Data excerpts
————————

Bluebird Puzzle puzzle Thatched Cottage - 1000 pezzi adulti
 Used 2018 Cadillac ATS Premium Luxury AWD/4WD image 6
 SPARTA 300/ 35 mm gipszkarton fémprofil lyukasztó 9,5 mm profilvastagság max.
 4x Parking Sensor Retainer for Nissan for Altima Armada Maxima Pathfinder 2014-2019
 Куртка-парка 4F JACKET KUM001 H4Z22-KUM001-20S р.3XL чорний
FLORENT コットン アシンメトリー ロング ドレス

————————

PROBLEM DESCRIPTION: Give a word-for-word restatement of every record.

WRITTEN SOLUTION:
Bluebird Puzzle puzzle Thatched Cottage - 1000 pezzi adulti
 Used 2018 Cadillac ATS Premium Luxury AWD/4WD image 6
 SPARTA 300/ 35 mm gipszkarton fémprofil lyukasztó 9,5 mm profilvastagság max.
 4x Parking Sensor Retainer for Nissan for Altima Armada Maxima Pathfinder 2014-2019
 Куртка-парка 4F JACKET KUM001 H4Z22-KUM001-20S р.3XL чорний
FLORENT コットン アシンメトリー ロング ドレス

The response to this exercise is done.